[Work item] Below is a listing. Write out exactly its lines between the one holding "Hub Bearing Coated" and the one holding "Durchgangs-Reihenklemme WM S3C", inclusive.

[Study material]
=== Begin Enclosure ===

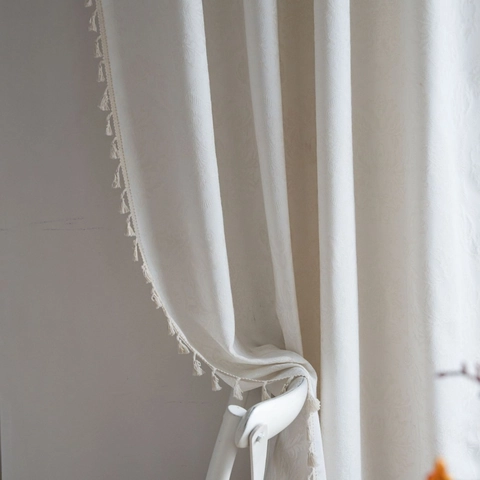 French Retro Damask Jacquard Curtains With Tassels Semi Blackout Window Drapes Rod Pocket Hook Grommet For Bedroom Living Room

=== End Enclosure ===
=== Begin Enclosure ===

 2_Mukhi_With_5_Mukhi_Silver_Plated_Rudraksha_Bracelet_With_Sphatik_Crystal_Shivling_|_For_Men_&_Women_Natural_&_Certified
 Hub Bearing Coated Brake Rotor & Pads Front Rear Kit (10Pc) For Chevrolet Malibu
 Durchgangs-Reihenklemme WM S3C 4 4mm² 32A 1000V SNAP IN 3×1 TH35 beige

=== End Enclosure ===

[Response area]
 Hub Bearing Coated Brake Rotor & Pads Front Rear Kit (10Pc) For Chevrolet Malibu
 Durchgangs-Reihenklemme WM S3C 4 4mm² 32A 1000V SNAP IN 3×1 TH35 beige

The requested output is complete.